You too can sign up to pledge a percentage of the cash gifts you receive towards a social cause. “There has been a paradigm shift in how individuals want to contribute to a cause,” said Anuradha Parekh, co-founder of The Better India, a website that highlights social work. “They are willing to go the extra mile by engaging in activities to raise money to get a sense of having made a difference,” she added.
“I started this system of gifting after I realised that most birthday gifts remain unused and that the money can be put to better use,” said Lakyntina Lakshmanan from Chennai. The initiative, which was started last year, has seen 130 registrations so far.

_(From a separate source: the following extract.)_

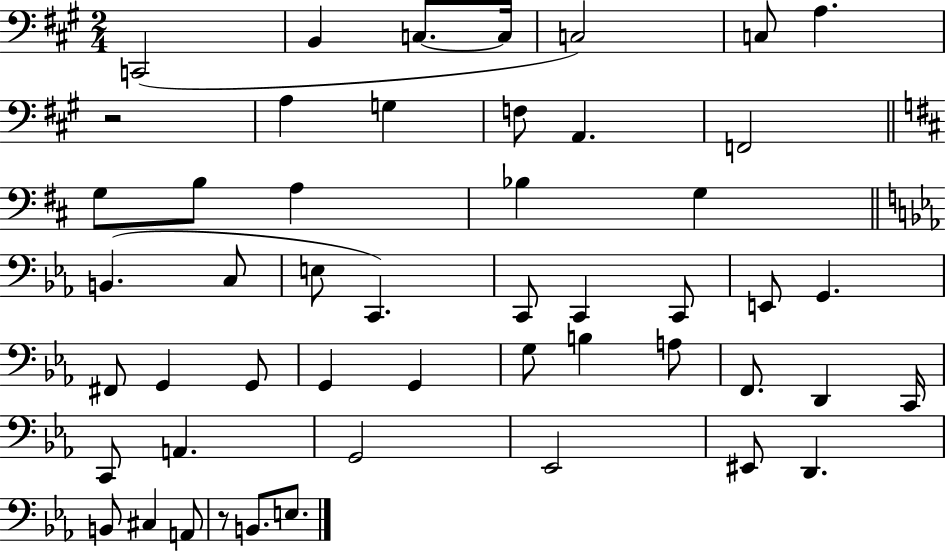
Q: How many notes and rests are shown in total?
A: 50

Deepak’s family is not the only one taking the path less trodden to help raise funds for not-for-profit organisations. Somasekhar Sundaresan, 39, a city-based lawyer, will scale Mount Kun, the second highest peak of the Himalayan Range, next month to raise money for Yuva, that works with the urban poor.
Sundaresan signed up with Oxfam India for the expedition and is hoping to raise more than the Rs16 lakh that he had raised from his trek to Sudarshan Parbat last year. “I am an ardent mountaineer and am happy that I can raise money from it,” said Sundaresan, who was inspired by Ian Botham, a former cricketer who raises money through similar activities.

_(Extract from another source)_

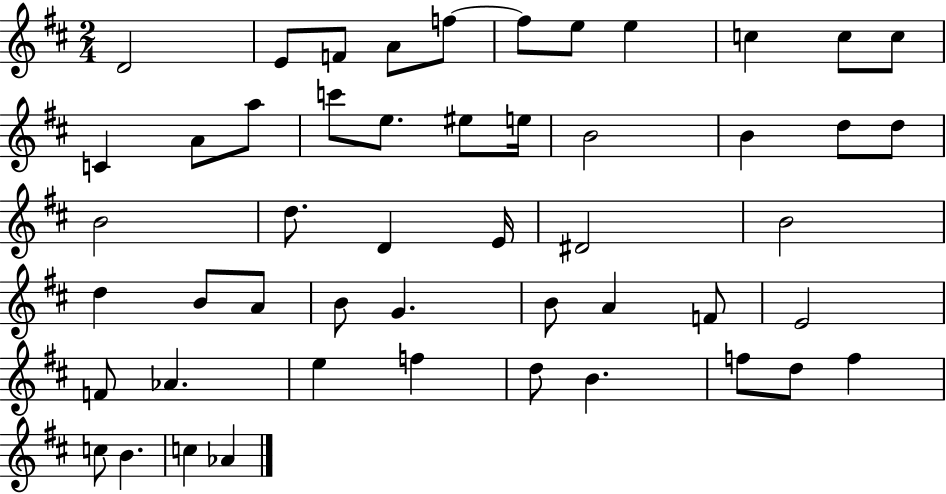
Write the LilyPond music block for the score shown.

Pervez Parakh, 71, has also merged passion with charity. The retired doctor from Worli uses his “Saigal-like” voice to charm friends, relatives and neighbours to raise money for not-for-profit organisations. “For the last few years, I have been recording popular songs and distributing the CDs to people asking them to contribute for a cause,” said Parakh.
In 2010, Parakh raised Rs 1 lakh for Child Rights and You (CRY). In February, a four-member team from the US Consulate, Mumbai, raised Rs 25 lakh at Oxfam India’s Trailwalker event by walking 100km in 31 hours. “While it was physically challenging, it was a good feeling to contribute for a cause,” said Roland Minez, vice consul, US Consulate.